Tuesday, March 27, 2007

Sem Ressentimentos

Que vida miserável tinha Frederico. Toda briga doméstica diária terminava com um ‘você é um bosta, Frederico, você é um perdedor’. Seu chefe arrogante promovia qualquer um menos ele. Frederico recebia mais comunicados da Serasa que promoção da Veja. E ninguém sentia sua falta, seu celular não toca, seu email só tinha spam, nem sua mãe lembra de seu aniversário. Frederico queria morrer.

Bêbado, ele vai para ponte despencar. Ele deixa cair a garrafa vazia e ouve os estilhaços quebrando longe. ‘É isso’. Foram suas últimas palavras. Ele pula.

No meio da queda surge o anjo de harpa e aréola ‘Opa, com licença?`

Parado no meio do ar, Frederico pergunta se já morreu. ‘Então, vim lhe dar a oportunidade de se arrepender de jogar fora sua vida’ respondeu o anjo.

Frederico olha para o chão, para os cacos. ‘Quero que o mundo se exploda!’ ele berra jogando os braços ‘me deixa cair!’.

‘Olha, Frederico, até podia deixar você se espatifar no chão, mas atualmente a fiscalização deu uma apertada. Se ficarem sabendo que te passei o sinal verde, me encrenca... entende minha situação?’ Diz o anjo sem cerimônias.

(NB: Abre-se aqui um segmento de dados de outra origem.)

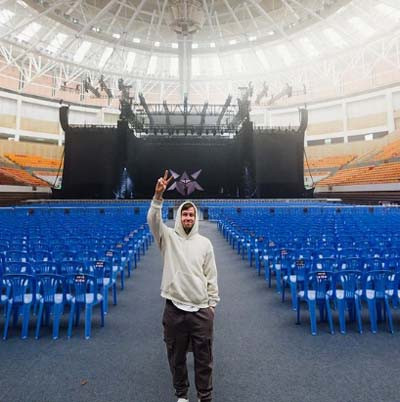 Alan Walker Gelar Show di China, Bangku Penonton Jadi Sorotan Netizen: Kayak Kursi Kondangan
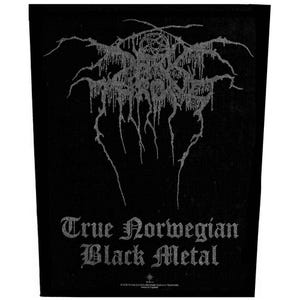 Op de afbeelding: Zwart-witte patch met de bandnaam "Darkthrone" in een gestileerd lettertype. De tekst "True Norwegian Black Metal" staat onder de bandnaam.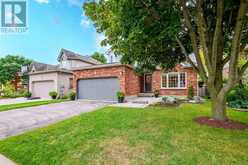 16 PINE RIDGE DRIVE | Guelph Ontario | Slide Image Two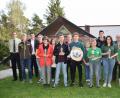 Bild: bnr
Das Gaujugendschießen war wieder ein Gradmesser der Leistungsfähigkeit. der Jungschützen. Die erfolgreichsten Teilnehmer wurden mit Pokalen und Preisen ausgezeichnet. Die Preise übergaben: Schützenmeister Martin Wolf (rechts), Gauschützenmeister Johann Dirrigl (Zweiter von rechts), Gaujugendleiter Andreas Wilhelm (links) und Bürgermeister Martin Schwandner (Dritter von links).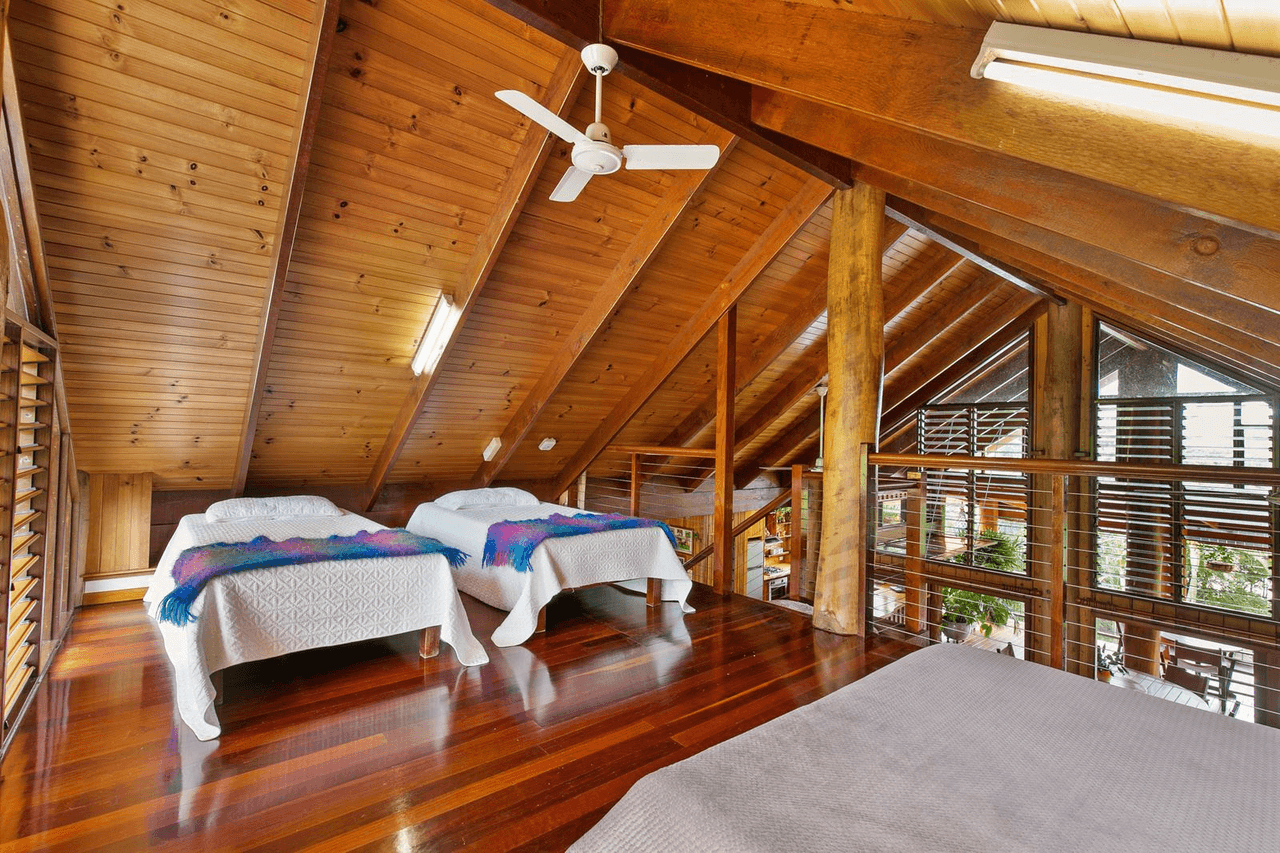 33 The Esplanade, COOKTOWN, QLD 4895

‘O Céu tem desses problemas também?’

‘É, mas tem sempre um jeito. Só que agora teve a troca do ministro das causas perdidas, e eles querem mostrar serviço. Então... qual tour você prefere pra se redimir? A gente tá dispondo pros fiéis as seguintes opções...’

‘Eu vou ter que pagar alguma coisa?’ intervém Frederico.

O anjo pega um papel e uma calculadora. ‘Olha, sua dívida transcendental já anda meio no vermelho, se você se matar, e o Senhor não gosta nada disso... cá entre nós, ele odeia que falem que mal da vida que ele dá. E quando tem devolução, sai de perto...’ O anjo acende um cigarro com a espada de fogo.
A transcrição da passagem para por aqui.